Been on the water a lot with the last week finally being nice on the ocean and had some slow to decent pacific halibut fishing, great rockfishing, and found an albacore on our first trip of the year. Read on for all the details of the tuna trip or call to book a trip if you want to get a spot before summer is over for salmon, rockfish, tuna, or halibut. There should still be quota for pacific halibut for Aug and maybe sept. 707-601-3474
A few days ago I was surprised to see how fast the water moved in, from 85 to 60 miles in 3 days. I had an open Tuesday and the forecast kept getting better. I got a great crew set up including the Opah slayer from last year – Chuck, the spreader bar guy Matt, Bryan S from the Humboldt tuna club and his father in law. I was not quite ready with all the gear as 6 of the troll reels didn’t have fresh line yet but after Mondays trip I got iced, fueled, loaded and printed out the latest terrafin charts and hit the hay. We had a nice ride out, not the fastest direction to run from Eureka but the ride was 20-26 knots the whole way and no wind yet. We knew the wind was coming at some point but it would be at our tail for the ride in. Four miles from the target of 41.15×125.15 it began from no wind to 15 then 20 knots……we got the gear in and proceeded trolling north. The most life was near our starting area after a half hour oing north it didn’t feel right. We looped inside and down and then southwest. Early season we always say “when in doubt, head out”. I was afraid the water moved in so fast the fish did not come with it yet, I’ve seen that a lot over the years. It’s never the best to fish the last day or the weather window as there is more water to cover the first day is always the best when the are stacked at the break. We figured we’d find some in there somewhere.
At 1040 we heard the starboard outrigger load up and pop the clip and then that familiar sound of zzzzzzzzzzzzzzz. We were just talking about how it will be out of no where and Matt just popped a beer so it was timely. Steve reeled in the first albacore of the year on Scrimshaw. Nothing huge but a nice 15 lber better than a peanut. Ate a long dorado cedar plug off the outrigger. We kept working out toward the SW, the direction the hottest water pushed in from. We made it to the 11/27 then headed back north. We trolled north and then we pulled the spread and ran to the top of the break. We had to check the north end of the break where there was a 6 degree break. We found the break around 25/20 then turned to work back down it with the wind at our back.

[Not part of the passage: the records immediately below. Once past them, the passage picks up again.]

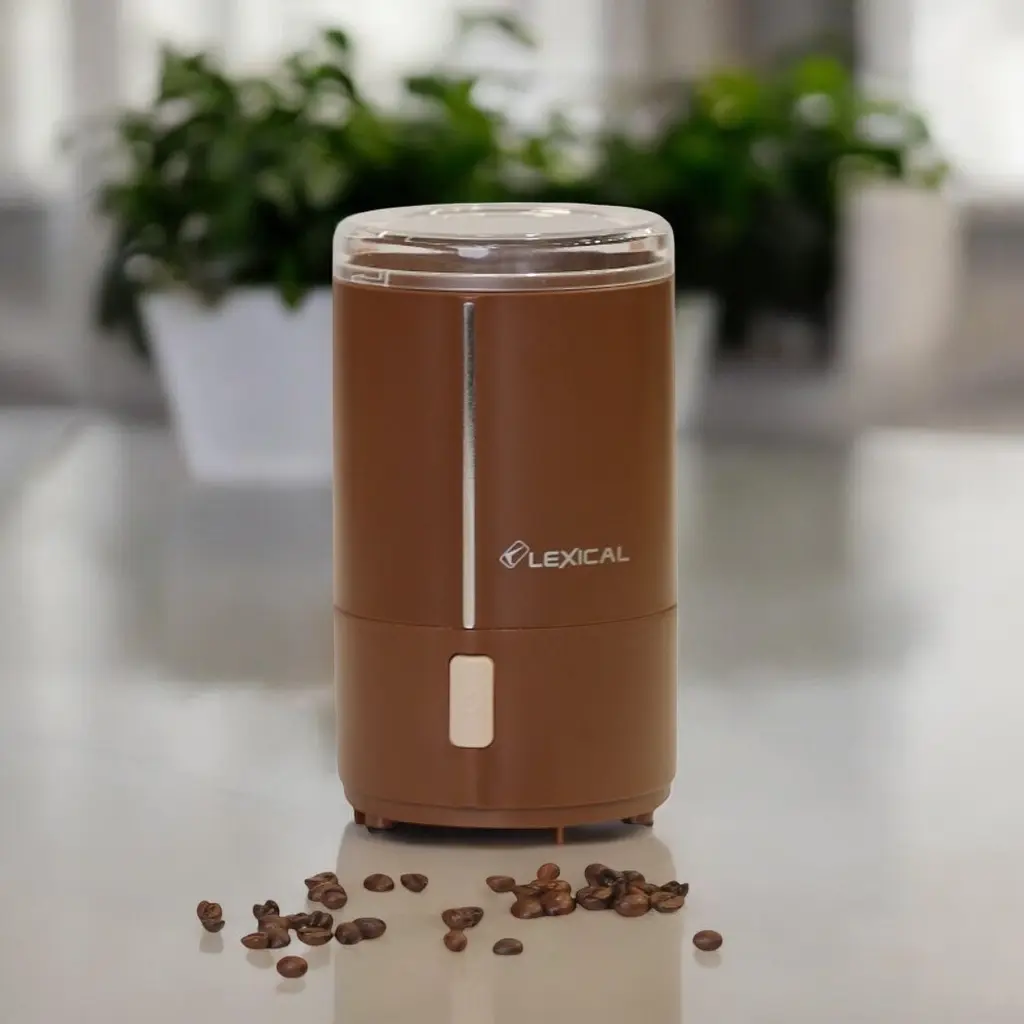 [D-LCG-0701M] Moulin à Café Lexical 200W Marron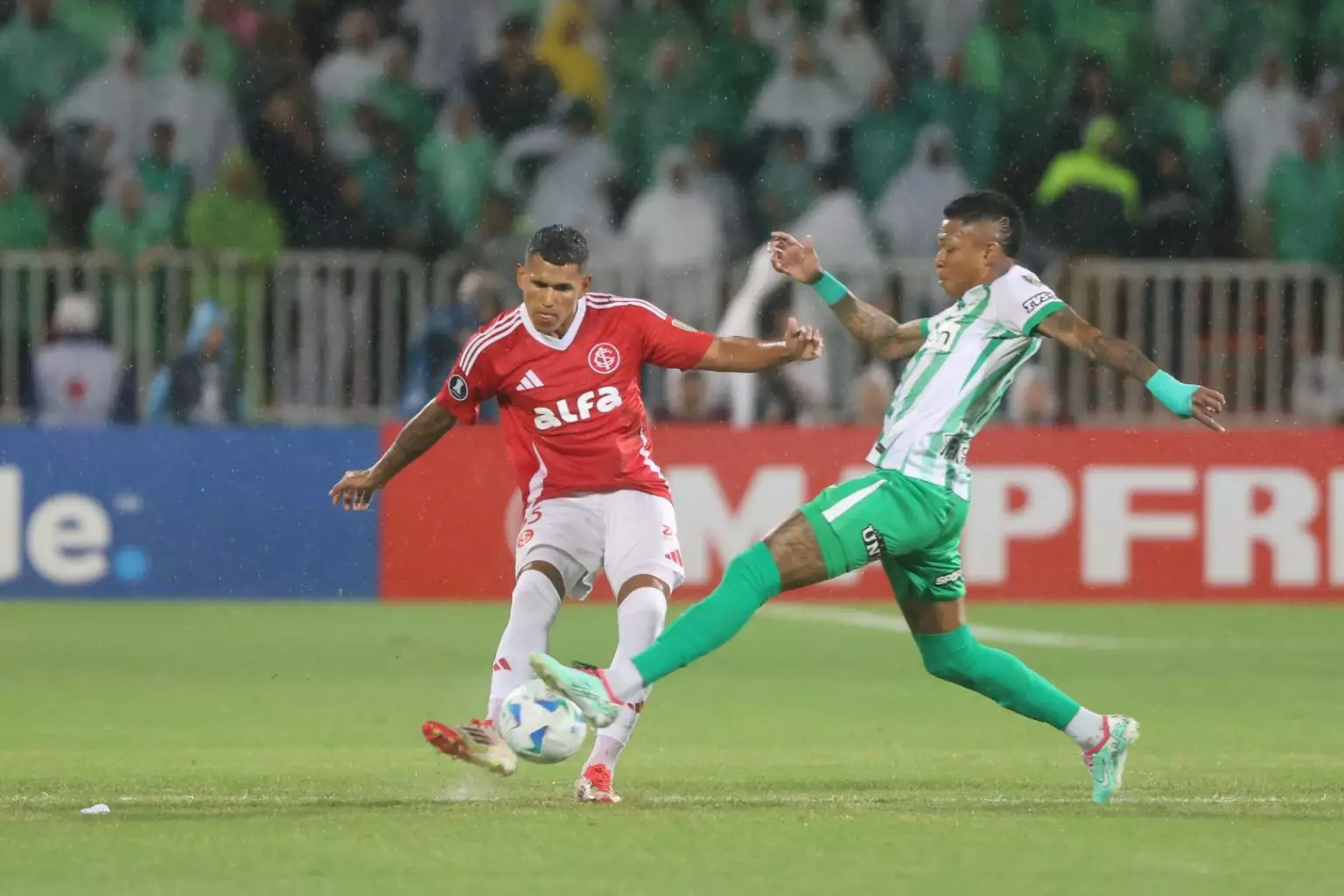 Inter perde por 3 a 1 para o Atlético Nacional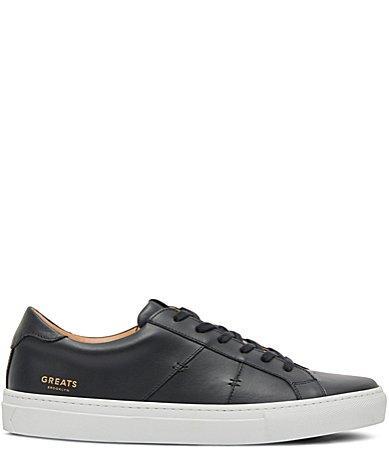 GREATS Mens Royale 2.0 Leather Sneakers Product Image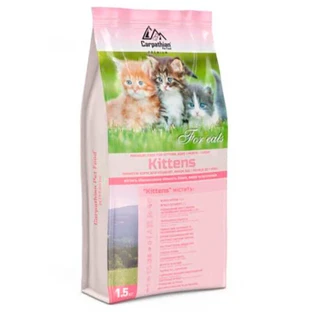 Carpathian Pet Food (Карпатіян Пет Фуд) Kittens - Сухий корм для кошенят; 1,5 кг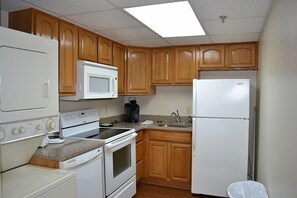 Private kitchen - Attractive 504 2BD Condo with Private Balcony and Jacuzzi Tub by RedAwning (Pigeon Forge)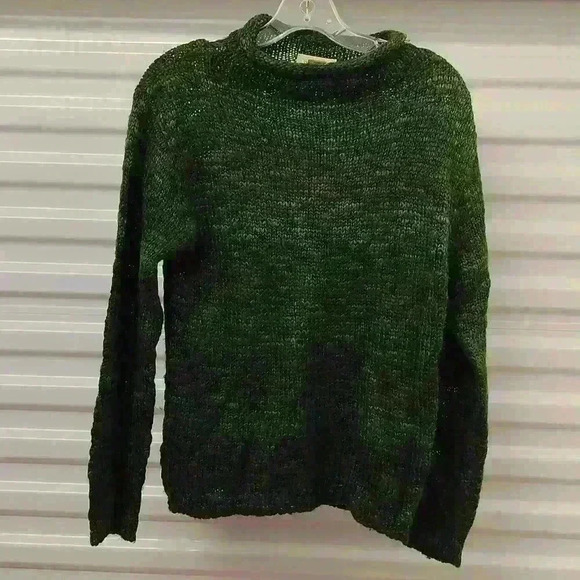 St Johns Bay women's hunter green sweater size medium - Picture 1 of 7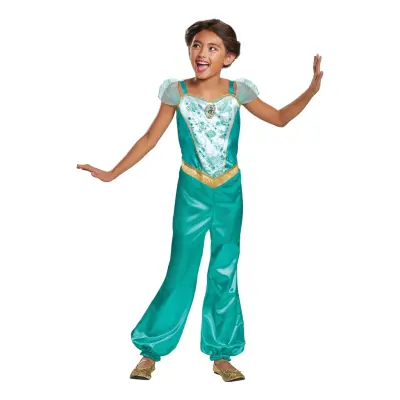Disney Jasmine Barn Maskeraddräkt - Medium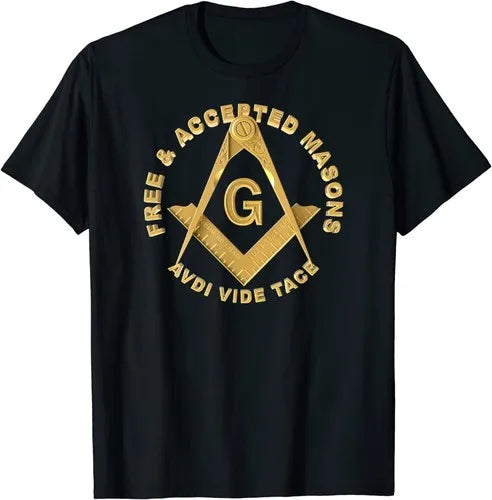 Vintage Symbol Graphic Streetwear Cotton T-Shirt with Heritage-Inspired Emblem Design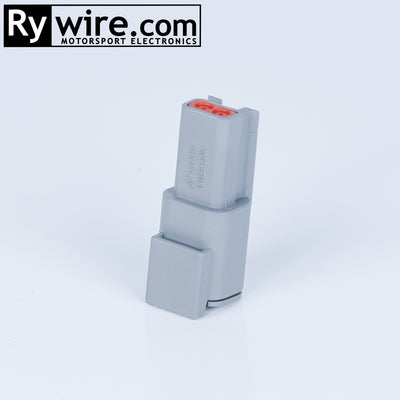 Rywire ATM Series connector kit, 2-pin receptacle, photo 4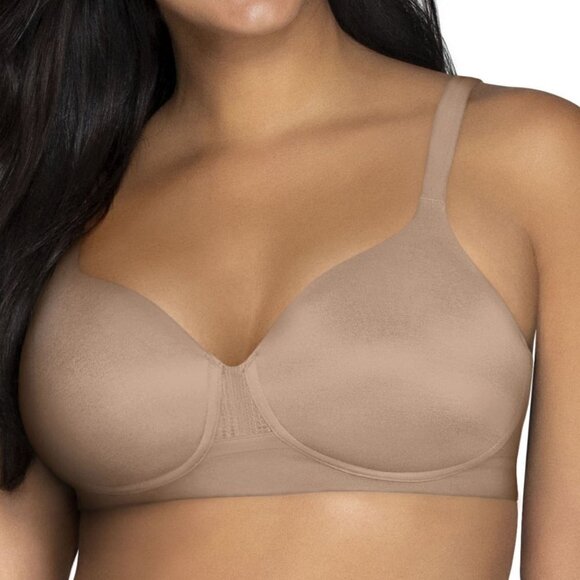 Vanity Fair Women's Beyond Comfort Full Figure Wirefree Bra - Picture 1 of 6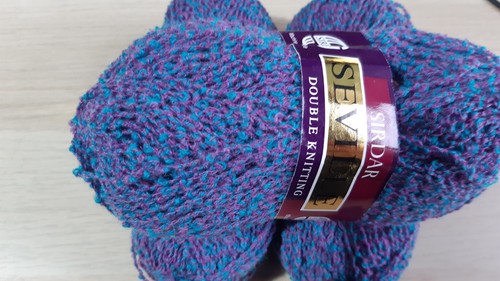 Vintage sidar yarn wool - vintage,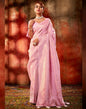 Light Pink Silk Saree | Leemboodi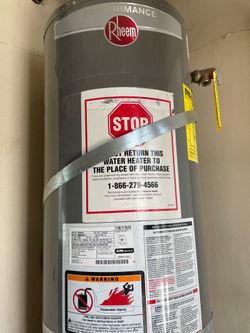 Water heater $150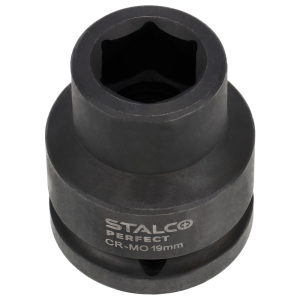 Nasadka udarowa sześciokątna 3/4” 38mm Cro-mo STALCO PERFECT S-85113
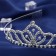 Hair diadem "Virginia" Patterns, 3 cm, silver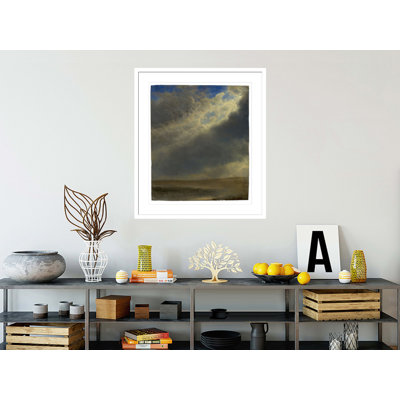 Landscape by Albert Bierstadt -Framed Giclee Print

We came across where we had our one and only fish in the morning at 430 in the afternoon and started to stack the gear and get the outriggers down. We had a sloppy ride in with a quartering 3-5 ft wind chop at our port stern. It was a better ocean inside of 30 miles.
We fished in 59.5 to 60.5 degree water all day a couple cooler patches here and there. The best bait was at the break on the SE side. There was some deep bait at 40-60 fathoms and some tuna marks at 40-60 fathoms throughout the water and the day. The fish had a single saurie in it’s belly. There was a lot of breezing sauries inside and at the break, 6 to 8 inch size so I think there is feed for them to find when the break realigns. We may have got a little more action if we stayed at the bingo spot but I feel real good about how we covered that piece of water with the weather and info we had. There was 15 knots of wind all day with some gust over 20 and it backing to 10 knots for a couple times to. We made it there before the wind started and that was nice. We’ll see what the blow does to the water, it needs it and then we will go again when the schedule and weather allow. Hopefully in a couple weeks. It was great to be on the bluewater again with a great crew and to hear the reels (a reel this time) singin!
The short version – we got 1 albie 60 miles NW of Eureka on Tuesday July 12th on a dorado colored cedar plug long off the starboard outrigger.